◆ Try it
Write every record below out exactly; no images.

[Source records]
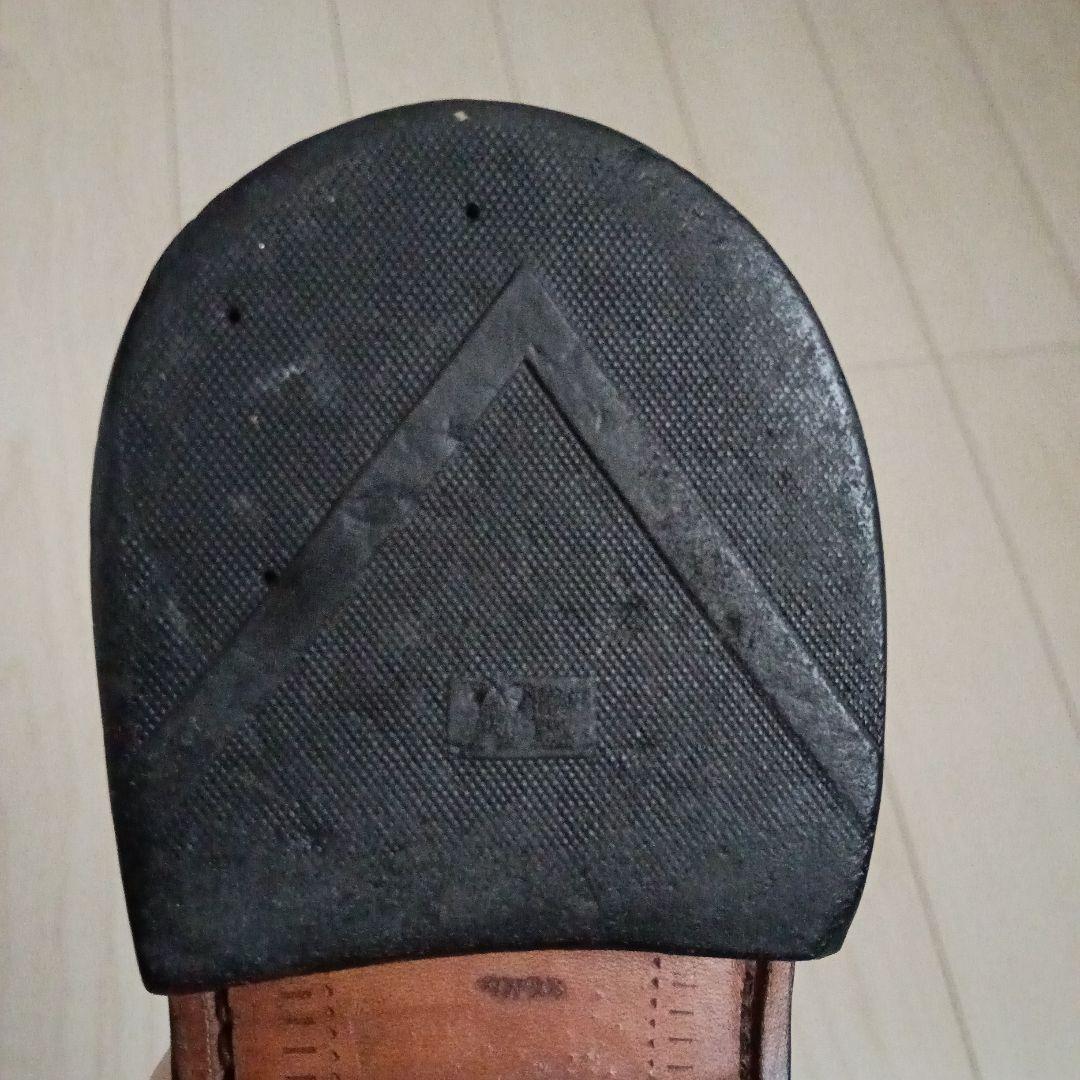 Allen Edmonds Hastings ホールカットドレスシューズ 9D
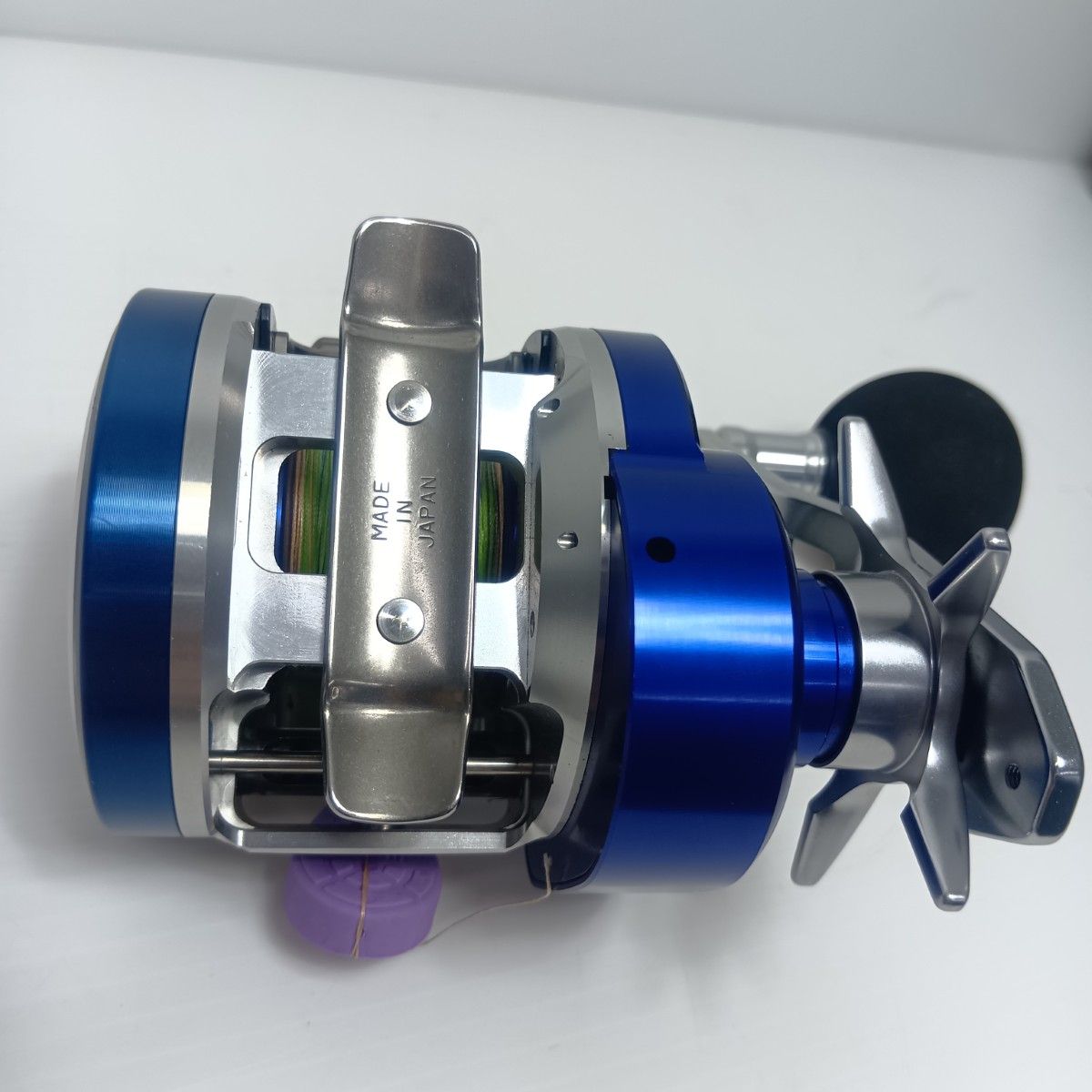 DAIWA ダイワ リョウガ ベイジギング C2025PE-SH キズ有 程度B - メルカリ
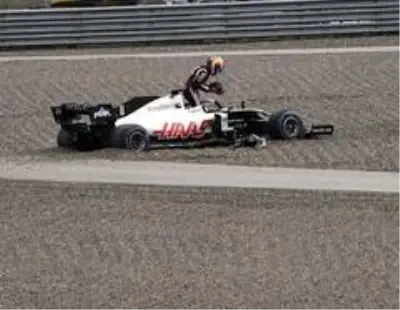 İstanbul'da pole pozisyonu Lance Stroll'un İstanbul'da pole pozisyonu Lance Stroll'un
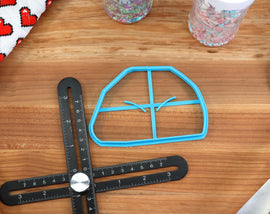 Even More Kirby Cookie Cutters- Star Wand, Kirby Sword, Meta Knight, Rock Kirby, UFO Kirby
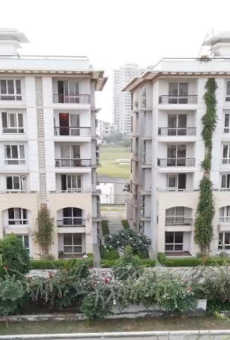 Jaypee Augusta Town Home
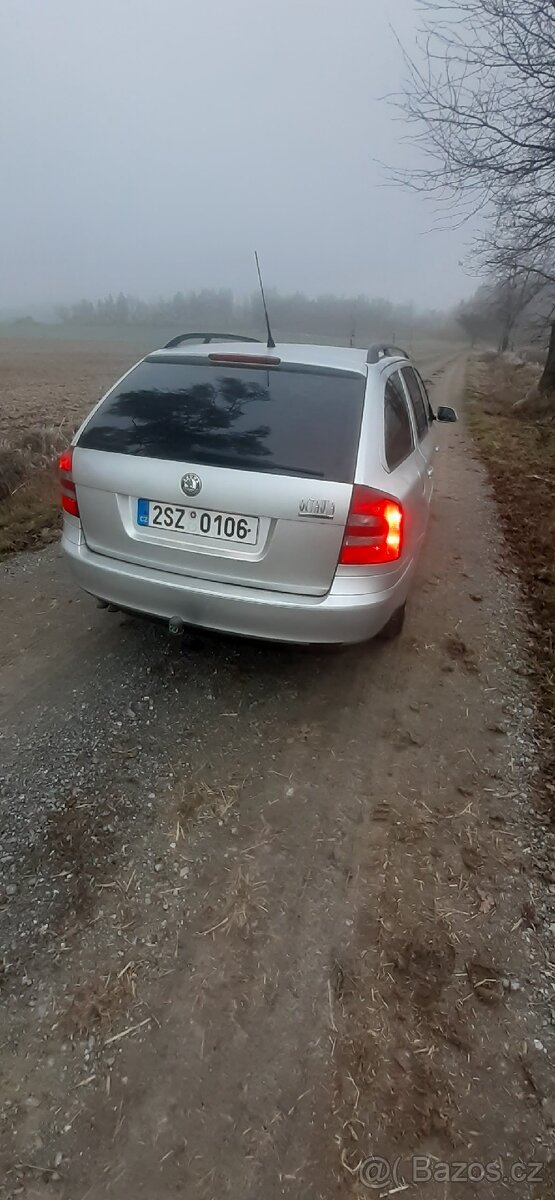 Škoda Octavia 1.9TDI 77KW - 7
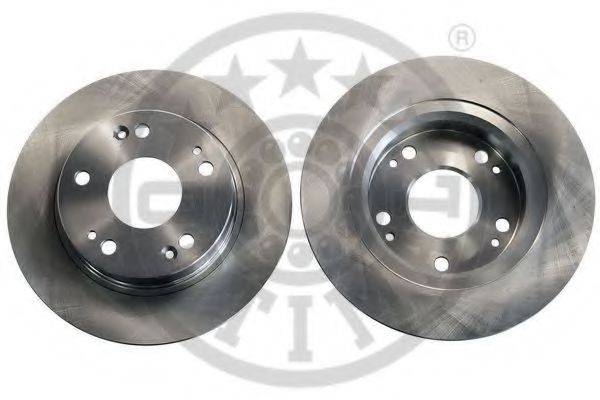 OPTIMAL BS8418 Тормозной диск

◆ Response
 Allen Edmonds Hastings ホールカットドレスシューズ 9D
 DAIWA ダイワ リョウガ ベイジギング C2025PE-SH キズ有 程度B - メルカリ
 İstanbul'da pole pozisyonu Lance Stroll'un İstanbul'da pole pozisyonu Lance Stroll'un
 Even More Kirby Cookie Cutters- Star Wand, Kirby Sword, Meta Knight, Rock Kirby, UFO Kirby
 Jaypee Augusta Town Home
 Škoda Octavia 1.9TDI 77KW - 7
 OPTIMAL BS8418 Тормозной диск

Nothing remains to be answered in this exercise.